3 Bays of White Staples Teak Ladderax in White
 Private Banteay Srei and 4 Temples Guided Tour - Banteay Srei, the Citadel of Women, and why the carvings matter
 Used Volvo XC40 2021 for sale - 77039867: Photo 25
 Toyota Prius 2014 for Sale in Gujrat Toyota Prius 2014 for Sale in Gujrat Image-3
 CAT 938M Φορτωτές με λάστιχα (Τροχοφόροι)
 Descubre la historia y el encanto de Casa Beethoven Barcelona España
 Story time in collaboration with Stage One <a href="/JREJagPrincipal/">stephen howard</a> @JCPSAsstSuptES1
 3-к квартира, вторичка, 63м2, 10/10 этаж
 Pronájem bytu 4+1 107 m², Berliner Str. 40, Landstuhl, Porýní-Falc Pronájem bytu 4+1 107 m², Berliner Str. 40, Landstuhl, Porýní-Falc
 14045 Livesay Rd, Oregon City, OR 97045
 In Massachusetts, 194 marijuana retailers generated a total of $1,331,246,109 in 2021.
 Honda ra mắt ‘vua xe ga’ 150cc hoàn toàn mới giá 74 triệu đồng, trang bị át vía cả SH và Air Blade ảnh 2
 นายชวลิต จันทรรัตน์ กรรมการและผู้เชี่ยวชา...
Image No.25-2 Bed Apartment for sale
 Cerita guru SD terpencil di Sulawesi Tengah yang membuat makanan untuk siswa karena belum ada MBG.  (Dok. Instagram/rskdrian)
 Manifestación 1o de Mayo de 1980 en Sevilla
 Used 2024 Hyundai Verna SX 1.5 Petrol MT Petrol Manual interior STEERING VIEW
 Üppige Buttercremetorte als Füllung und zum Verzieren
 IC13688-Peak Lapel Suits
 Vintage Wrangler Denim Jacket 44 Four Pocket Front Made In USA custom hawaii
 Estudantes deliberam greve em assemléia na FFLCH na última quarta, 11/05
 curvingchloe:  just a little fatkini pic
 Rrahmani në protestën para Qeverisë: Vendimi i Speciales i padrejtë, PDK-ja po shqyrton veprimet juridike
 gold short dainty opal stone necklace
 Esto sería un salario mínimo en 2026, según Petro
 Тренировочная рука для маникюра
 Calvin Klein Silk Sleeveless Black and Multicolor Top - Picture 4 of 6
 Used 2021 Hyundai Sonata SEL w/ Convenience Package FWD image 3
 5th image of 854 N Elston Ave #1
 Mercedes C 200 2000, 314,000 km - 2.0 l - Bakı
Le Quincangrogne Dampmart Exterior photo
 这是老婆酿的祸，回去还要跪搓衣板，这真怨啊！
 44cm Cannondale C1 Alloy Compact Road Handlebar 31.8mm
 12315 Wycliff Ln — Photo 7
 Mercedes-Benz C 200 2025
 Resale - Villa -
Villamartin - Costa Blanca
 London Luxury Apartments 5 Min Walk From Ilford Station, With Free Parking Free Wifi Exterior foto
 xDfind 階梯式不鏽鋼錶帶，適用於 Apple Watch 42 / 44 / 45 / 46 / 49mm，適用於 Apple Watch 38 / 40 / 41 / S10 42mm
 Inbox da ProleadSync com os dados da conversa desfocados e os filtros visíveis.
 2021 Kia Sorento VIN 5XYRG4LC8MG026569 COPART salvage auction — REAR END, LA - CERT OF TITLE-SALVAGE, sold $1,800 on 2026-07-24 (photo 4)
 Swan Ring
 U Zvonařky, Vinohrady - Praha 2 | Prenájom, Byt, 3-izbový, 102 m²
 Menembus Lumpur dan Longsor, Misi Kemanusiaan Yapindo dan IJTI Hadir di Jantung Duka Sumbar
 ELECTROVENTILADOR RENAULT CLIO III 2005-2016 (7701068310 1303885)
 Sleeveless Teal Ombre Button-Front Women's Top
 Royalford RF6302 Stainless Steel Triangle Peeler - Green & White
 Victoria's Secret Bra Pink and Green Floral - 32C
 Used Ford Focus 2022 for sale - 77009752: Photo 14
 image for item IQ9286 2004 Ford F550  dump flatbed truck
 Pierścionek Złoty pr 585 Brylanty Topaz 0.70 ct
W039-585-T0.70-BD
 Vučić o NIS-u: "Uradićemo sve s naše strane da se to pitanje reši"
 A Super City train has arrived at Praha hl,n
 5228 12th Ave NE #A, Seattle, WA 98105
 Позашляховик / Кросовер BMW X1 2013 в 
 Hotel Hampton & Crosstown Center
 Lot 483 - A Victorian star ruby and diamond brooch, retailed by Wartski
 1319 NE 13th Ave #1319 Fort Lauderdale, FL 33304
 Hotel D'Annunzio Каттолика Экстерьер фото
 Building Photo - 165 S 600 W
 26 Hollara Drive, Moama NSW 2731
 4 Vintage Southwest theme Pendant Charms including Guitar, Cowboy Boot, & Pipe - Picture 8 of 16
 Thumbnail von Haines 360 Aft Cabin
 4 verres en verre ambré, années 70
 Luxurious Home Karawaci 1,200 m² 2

********************

Exercise objective: Within the entries above, find each line where "White" appears; copy every one.

Exercise result:
3 Bays of White Staples Teak Ladderax in White
 Royalford RF6302 Stainless Steel Triangle Peeler - Green & White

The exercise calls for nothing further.